**Assigned task:** Your output consists solely of the lines from the one that contains "Pigeon Arrival Image For Race Race 1" to the end of the material, each reproduced exactly; pictures do not belong in it.

**Available data:**

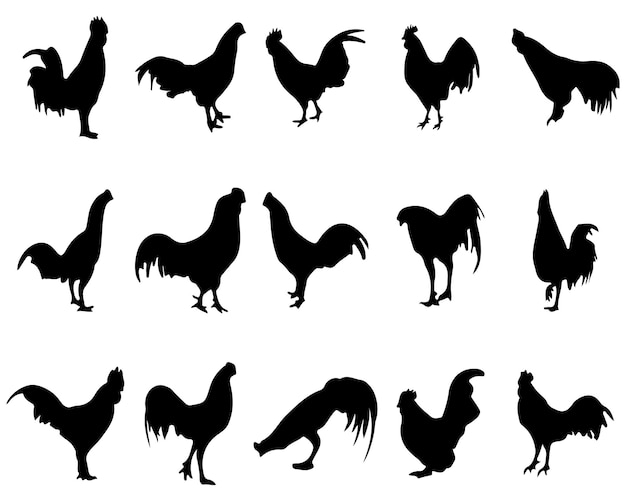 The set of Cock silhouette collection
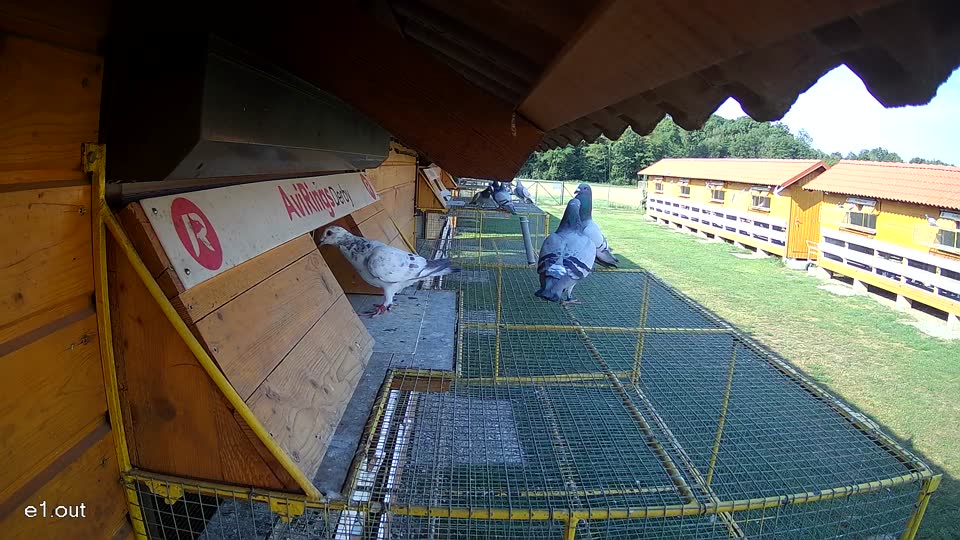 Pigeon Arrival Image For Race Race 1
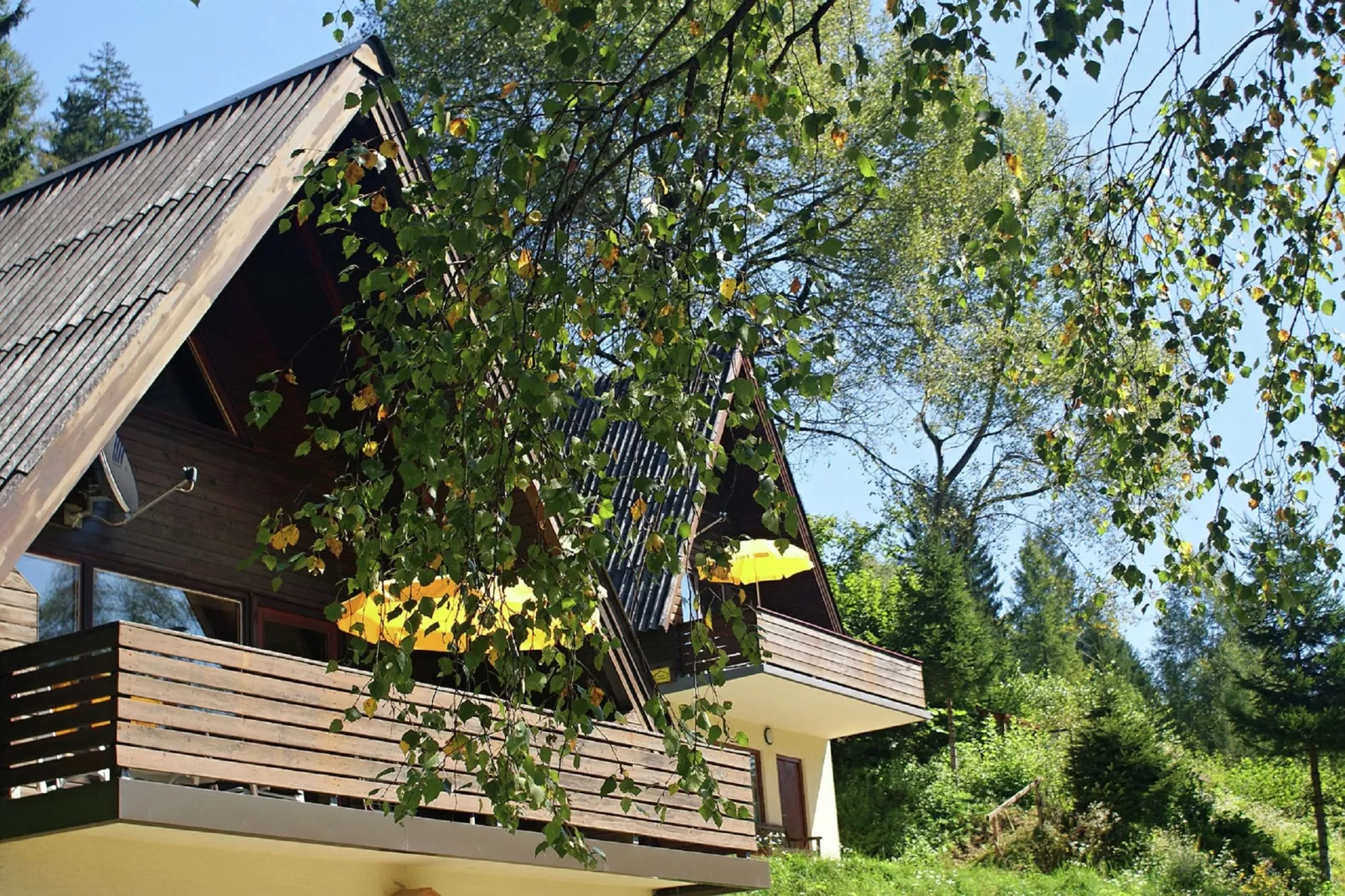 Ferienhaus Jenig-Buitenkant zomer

**Finished exercise:**
 Pigeon Arrival Image For Race Race 1
 Ferienhaus Jenig-Buitenkant zomer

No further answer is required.